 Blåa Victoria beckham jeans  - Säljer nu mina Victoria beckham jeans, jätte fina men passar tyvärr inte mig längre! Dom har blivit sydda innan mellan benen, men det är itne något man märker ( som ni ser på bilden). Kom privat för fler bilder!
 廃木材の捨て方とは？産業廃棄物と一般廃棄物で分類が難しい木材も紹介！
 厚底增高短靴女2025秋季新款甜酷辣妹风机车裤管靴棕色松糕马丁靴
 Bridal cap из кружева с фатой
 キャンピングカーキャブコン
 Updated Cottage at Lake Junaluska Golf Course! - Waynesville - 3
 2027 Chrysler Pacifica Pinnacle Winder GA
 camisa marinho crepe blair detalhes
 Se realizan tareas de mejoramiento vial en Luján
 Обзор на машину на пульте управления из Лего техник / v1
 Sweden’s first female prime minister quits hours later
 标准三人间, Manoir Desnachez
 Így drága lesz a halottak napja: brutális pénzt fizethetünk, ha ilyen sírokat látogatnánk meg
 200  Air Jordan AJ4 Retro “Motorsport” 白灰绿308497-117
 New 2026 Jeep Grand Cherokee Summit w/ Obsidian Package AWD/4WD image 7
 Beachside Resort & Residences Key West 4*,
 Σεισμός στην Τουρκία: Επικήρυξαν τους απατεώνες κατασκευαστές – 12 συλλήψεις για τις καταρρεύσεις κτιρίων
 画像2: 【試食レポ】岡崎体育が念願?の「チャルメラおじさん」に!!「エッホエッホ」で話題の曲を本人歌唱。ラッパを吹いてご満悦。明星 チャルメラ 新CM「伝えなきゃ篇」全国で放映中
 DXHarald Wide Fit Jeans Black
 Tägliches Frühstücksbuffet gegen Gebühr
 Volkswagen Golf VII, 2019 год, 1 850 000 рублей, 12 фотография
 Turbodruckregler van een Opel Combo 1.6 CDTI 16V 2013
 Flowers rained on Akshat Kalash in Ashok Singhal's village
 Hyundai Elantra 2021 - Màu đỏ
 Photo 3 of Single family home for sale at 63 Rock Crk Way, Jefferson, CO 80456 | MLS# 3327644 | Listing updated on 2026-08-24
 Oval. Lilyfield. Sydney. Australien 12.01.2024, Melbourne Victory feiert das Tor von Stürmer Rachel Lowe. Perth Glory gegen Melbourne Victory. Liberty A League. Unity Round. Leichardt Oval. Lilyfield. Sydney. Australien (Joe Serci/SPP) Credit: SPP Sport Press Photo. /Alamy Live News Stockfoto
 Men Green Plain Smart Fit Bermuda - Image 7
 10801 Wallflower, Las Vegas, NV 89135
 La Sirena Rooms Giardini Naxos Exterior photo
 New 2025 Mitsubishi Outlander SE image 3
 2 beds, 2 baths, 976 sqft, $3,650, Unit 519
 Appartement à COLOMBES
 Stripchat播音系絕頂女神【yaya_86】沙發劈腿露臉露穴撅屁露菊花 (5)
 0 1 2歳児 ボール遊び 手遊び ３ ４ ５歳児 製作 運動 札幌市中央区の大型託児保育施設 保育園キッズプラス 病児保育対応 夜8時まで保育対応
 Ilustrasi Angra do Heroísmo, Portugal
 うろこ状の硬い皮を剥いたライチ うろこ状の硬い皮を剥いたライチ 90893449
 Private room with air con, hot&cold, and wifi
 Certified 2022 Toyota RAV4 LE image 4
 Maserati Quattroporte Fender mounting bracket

····················

» WHAT YOU ARE ASKED TO DO
Retype the first line of the entries and every line after it, please, through the line that contains "Обзор на машину". Add nothing.

» WRITTEN ANSWER
 Blåa Victoria beckham jeans  - Säljer nu mina Victoria beckham jeans, jätte fina men passar tyvärr inte mig längre! Dom har blivit sydda innan mellan benen, men det är itne något man märker ( som ni ser på bilden). Kom privat för fler bilder!
 廃木材の捨て方とは？産業廃棄物と一般廃棄物で分類が難しい木材も紹介！
 厚底增高短靴女2025秋季新款甜酷辣妹风机车裤管靴棕色松糕马丁靴
 Bridal cap из кружева с фатой
 キャンピングカーキャブコン
 Updated Cottage at Lake Junaluska Golf Course! - Waynesville - 3
 2027 Chrysler Pacifica Pinnacle Winder GA
 camisa marinho crepe blair detalhes
 Se realizan tareas de mejoramiento vial en Luján
 Обзор на машину на пульте управления из Лего техник / v1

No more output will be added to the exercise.